Or, to take another instance: the key to the history of the tenth and eleventh centuries is the struggle between the Imperial throne and the great landed interests of Asia Minor; the accession of Alexius Commenus marked the final victory of the latter. Nor had Gibbon any conception of the great ability of most of the Emperors from Leo the Isaurian to Basil II., or, we might say, to Constantine the conqueror of Armenia. The designation of the story of the later Empire as a “uniform tale of weakness and misery” is one of the most untrue, and most effective, judgments ever uttered by a thoughtful historian. Before the outrage of 1204, the Empire was the bulwark of the West.

Against Gibbon’s point of view there has been a gradual reaction which may be said to have culminated within the last ten years of the nineteenth century. It was begun by Finlay, whose unprosperous speculations in Greece after the Revolution prompted him to seek for the causes of the insecurity of investments in land, and, leading him back to the year 146 B.C., involved him in a history of the “Byzantine Empire” which embedded a history of Greece. The great value of Finlay’s work lies not only in its impartiality and in his trained discernment of the commercial and financial facts underlying the superficial history of the chronicles, but in its full and trustworthy narration of the events. By the time that Mr. Tozer’s edition appeared in 1876, it was being recognized that Gibbon’s word on the later Empire was not the last. Meanwhile Hertzberg was going over the ground in Germany, and Gfrörer, whose ecclesiastical studies had taken him into those regions, had written a good deal of various value. Hirsch’s Byzantinische Studien had just appeared, and Rambaud’s l’Empire grec au xme siècle. M. Sathas was bringing out his Bibliotheca Græca medii aevi—including two volumes of Psellus—and was beginning his Documents inédits. Professor Lambros was working at his Athens in the Twelfth Century and preparing his editio princeps of the great Archbishop Akominatos. Hopf had collected a mass of new materials from the archives of southern cities. In England, Freeman was pointing out the true position of New Rome and her Emperors in the history of Europe.

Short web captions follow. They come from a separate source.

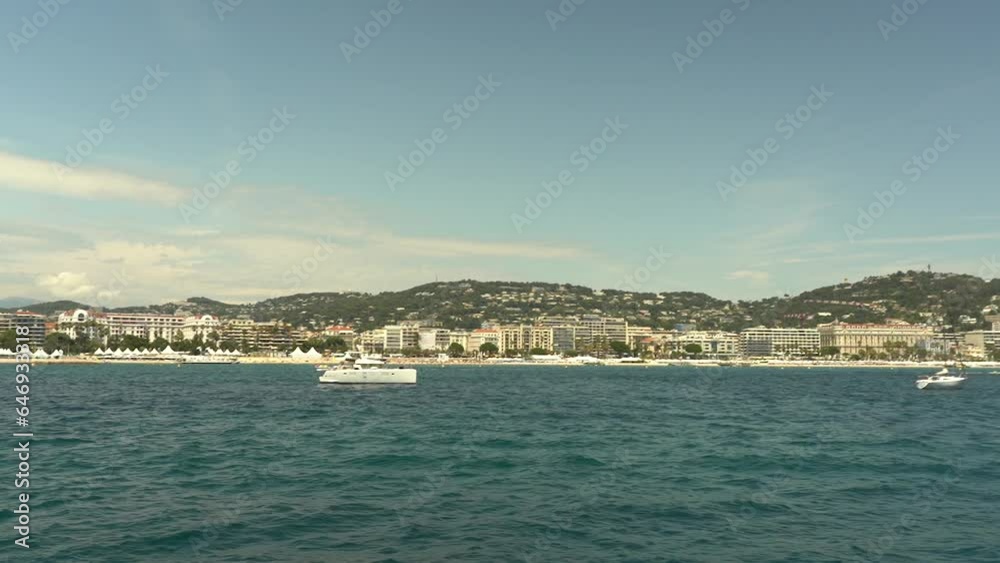A pleasure boat sails from the Lérins Islands towards Cannes, France. View of Cannes from the Mediterranean Sea. A pleasure boat sails from the Lérins Islands towards Cannes, France. View of Cannes from the Mediterranean Sea.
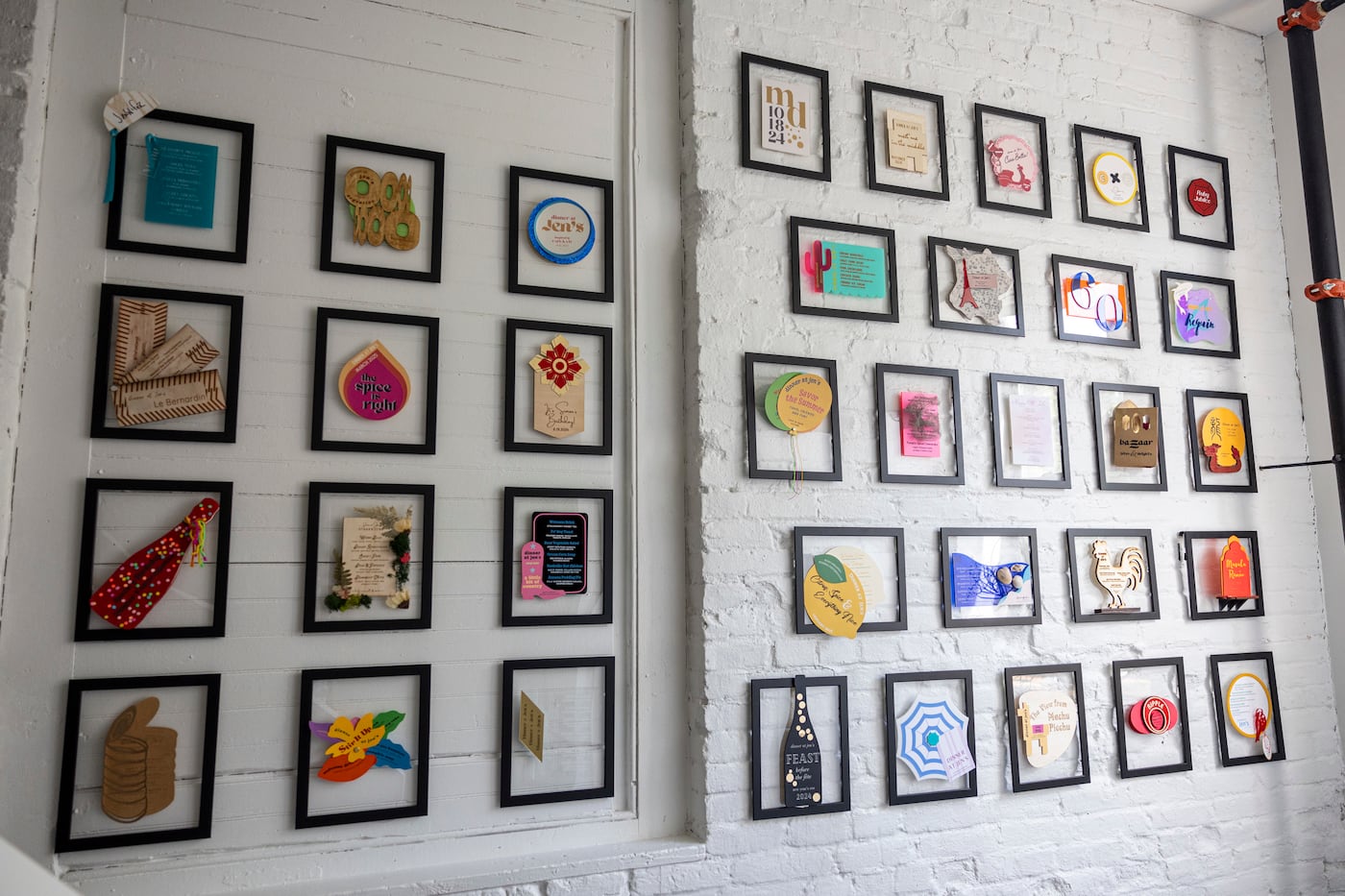 Menus from private dinners hosted by Carroll are framed and hung with Velcro so visitors can pop them off the wall to see both sides.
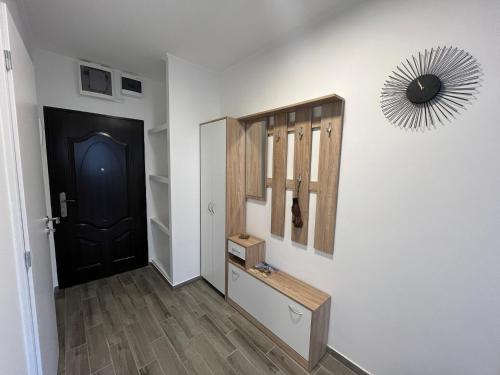 a hallway with a black door and a mirror at Beszterce Apartman in Salgótarján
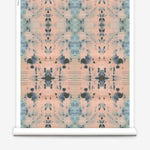 Partially unrolled wallpaper yardage in a watercolor ink blot print in blue and gray on a light pink field.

These tendencies increased in volume and velocity within the last twenty years of the nineteenth century. They may be said to have reached their culminating point in the publication of Professor Krumbacher’s History of Byzantine Literature. The importance of this work, of vast scope and extraordinary accuracy, can only be fully understood by the specialist. It has promoted and facilitated the progress of the study in an incalculable measure; and it was followed by the inauguration of a journal, entirely devoted to works on “Byzantine” subjects, by the same scholar. The Byzantinische Zeitschrift would have been impossible at an earlier period, and nothing shows more surely the turn of the tide. Professor Krumbacher’s work formed as important an epoch as that of Ducange.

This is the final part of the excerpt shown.